Rugs and Facebook: “Battleground War Rugs from Afghanistan”

By: Gabrielle Niu

April 4, 2011

The big white helicopters on this patterned rug, among the fighter jets, hand grenades and tanks, are Soviet Mi-24 Hind attack helicopters. Made in Afghanistan, 1980s, 203 x 119 cm. Photo © Textile Museum of Canada.

With the political uprisings that have swept across the Middle East and Northern Africa in the past few months, we see the important role that social media has played in elucidating the general public as well as in creating and portraying a cohesive national voice for the people themselves during times of conflict.  Without the immediacy of media or of Facebook and Twitter, however, people in the past have found other ways to record and express the shared experiences of national tumult and upheaval.

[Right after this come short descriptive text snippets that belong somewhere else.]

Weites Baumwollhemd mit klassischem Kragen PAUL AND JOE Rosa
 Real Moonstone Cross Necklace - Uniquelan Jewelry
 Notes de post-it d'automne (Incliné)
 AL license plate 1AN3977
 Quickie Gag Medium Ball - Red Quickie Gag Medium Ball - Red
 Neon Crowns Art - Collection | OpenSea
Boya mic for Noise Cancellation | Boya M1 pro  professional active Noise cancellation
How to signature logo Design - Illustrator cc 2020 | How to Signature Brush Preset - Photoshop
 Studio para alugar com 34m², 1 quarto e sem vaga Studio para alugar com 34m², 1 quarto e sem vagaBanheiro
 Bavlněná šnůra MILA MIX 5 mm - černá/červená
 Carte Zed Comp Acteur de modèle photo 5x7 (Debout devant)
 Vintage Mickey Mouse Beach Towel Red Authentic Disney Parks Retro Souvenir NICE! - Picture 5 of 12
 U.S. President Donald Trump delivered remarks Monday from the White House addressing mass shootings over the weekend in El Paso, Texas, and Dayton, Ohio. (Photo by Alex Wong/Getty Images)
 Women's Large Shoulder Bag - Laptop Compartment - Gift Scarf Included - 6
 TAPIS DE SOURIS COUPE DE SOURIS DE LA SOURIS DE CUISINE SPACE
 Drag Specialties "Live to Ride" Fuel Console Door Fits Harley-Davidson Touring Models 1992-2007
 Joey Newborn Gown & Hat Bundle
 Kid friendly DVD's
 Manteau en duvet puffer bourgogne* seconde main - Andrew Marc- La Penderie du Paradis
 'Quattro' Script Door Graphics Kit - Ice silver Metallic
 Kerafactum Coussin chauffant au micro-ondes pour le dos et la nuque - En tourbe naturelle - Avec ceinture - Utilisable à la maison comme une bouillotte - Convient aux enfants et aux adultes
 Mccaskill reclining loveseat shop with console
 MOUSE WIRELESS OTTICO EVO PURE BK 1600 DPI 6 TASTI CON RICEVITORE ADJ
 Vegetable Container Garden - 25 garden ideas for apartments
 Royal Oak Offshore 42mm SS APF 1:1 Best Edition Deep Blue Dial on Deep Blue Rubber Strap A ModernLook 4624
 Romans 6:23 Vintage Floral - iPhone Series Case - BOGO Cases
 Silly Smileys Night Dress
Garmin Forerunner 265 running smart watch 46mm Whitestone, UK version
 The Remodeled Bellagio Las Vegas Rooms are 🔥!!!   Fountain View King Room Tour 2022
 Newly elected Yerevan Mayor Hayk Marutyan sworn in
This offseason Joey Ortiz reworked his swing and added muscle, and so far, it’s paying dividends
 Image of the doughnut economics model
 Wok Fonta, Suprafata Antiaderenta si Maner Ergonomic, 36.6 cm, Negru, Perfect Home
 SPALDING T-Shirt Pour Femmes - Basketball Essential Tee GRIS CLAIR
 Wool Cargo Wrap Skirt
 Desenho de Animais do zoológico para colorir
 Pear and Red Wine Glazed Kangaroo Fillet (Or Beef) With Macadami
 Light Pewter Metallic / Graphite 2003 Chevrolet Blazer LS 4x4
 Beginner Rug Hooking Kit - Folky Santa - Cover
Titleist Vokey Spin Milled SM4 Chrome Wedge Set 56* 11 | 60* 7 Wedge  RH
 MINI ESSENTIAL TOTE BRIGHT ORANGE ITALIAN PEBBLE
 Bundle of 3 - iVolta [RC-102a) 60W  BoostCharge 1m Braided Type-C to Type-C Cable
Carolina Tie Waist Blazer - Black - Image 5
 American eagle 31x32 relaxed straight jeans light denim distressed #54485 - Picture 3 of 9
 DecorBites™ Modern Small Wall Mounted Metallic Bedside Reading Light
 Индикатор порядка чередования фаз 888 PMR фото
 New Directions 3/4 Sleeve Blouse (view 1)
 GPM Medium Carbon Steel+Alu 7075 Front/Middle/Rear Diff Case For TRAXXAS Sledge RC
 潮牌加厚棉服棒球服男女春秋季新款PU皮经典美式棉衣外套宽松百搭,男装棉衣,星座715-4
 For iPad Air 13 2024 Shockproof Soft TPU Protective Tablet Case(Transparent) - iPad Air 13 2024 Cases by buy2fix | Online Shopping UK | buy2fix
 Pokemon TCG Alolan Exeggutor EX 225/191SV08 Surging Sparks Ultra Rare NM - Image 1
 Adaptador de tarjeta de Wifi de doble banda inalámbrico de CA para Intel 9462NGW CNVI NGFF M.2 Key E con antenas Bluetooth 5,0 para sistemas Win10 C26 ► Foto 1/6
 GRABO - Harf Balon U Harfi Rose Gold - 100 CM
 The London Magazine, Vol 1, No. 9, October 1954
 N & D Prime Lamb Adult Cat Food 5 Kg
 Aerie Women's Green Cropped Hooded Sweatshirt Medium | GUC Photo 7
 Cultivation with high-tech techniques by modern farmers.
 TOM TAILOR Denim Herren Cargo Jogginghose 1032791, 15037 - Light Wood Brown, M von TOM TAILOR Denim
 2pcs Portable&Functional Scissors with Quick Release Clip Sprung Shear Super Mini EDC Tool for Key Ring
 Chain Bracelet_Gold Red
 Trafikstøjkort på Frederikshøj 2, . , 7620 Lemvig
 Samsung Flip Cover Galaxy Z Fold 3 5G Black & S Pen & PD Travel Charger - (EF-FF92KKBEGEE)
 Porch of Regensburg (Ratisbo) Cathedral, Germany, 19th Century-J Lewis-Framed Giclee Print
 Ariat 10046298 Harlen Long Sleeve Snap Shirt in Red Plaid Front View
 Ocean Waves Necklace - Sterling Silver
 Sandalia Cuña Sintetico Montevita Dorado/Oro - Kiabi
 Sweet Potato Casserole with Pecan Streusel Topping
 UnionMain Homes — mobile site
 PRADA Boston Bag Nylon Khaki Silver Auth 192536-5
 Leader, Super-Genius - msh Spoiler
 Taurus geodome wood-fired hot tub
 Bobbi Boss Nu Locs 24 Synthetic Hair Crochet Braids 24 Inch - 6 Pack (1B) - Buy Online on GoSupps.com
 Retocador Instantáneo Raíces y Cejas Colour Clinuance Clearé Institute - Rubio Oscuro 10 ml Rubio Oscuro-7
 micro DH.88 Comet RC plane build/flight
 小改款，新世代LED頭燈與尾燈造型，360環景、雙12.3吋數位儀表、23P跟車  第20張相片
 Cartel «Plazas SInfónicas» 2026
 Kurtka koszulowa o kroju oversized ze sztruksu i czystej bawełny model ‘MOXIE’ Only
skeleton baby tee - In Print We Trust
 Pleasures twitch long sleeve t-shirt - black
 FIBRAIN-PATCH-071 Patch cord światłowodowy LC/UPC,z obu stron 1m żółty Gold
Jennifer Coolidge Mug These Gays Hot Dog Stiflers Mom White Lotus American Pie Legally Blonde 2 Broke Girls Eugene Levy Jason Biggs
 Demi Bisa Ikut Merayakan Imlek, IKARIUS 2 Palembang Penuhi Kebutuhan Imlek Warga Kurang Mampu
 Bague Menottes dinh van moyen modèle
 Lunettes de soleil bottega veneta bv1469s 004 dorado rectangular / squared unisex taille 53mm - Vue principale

Starting 30 April 2011 and running through 31 July 2011, the travelling exhibition Battleground War Rugs from Afghanistan will be running at the Penn Museum. The exhibition is coming to Penn from the Textile Museum of Canada where curator Max Allen has used this exhibition to highlight how three decades of Afghani violence and warfare have influenced and ultimately transformed the imagery and iconography of the traditional Oriental rug. As Allen prefaces in his curatorial essay, rugs from Afghanistan traditionally have depicted flowers or birds in geometric patterns, woven with techniques and materials that reflected a specific region or ethnic group. With the Soviet invasion of 1970, followed by ten years of civil war, and most recently the global war on terrorism, bombs, helicopters, and guns have found themselves woven into the designs of Afghanistan’s rugs.

This rug shows the most important piece of weaponry to an Afghan guerilla fighter—the AK-47. Because of its durability and ease of use, the Kalashnikov, in its various forms, remains the most widely used assault rifle in the world. Made in Afghanistan, 2001-2007, 85 x 62 cm. Photo © Textile Museum of Canada.

Originally the weavers, primarily women, used the rugs in their own communities as a medium to record and express the violence and warfare in their lives, weaving guns and tanks into intricate geometric designs. However, as the war rugs gained popularity with western audiences, the war imagery became bolder and more commercialized, depicting towns with helicopters circling overhead or blatant images of weaponry. We see in these rugs how some Afghanis have taken the shared experiences of catastrophe and woven them into tangible artifacts of war. In this way, these rugs serve as tangible evidence to preserve and visualize the Afghanistan war experience.

  • İ find these war rugs really interesting, a friend of mine picked one up in a thrift shop and had it in their lounge for weeks without noticing the AK47’s and helicopters incorparated in the design!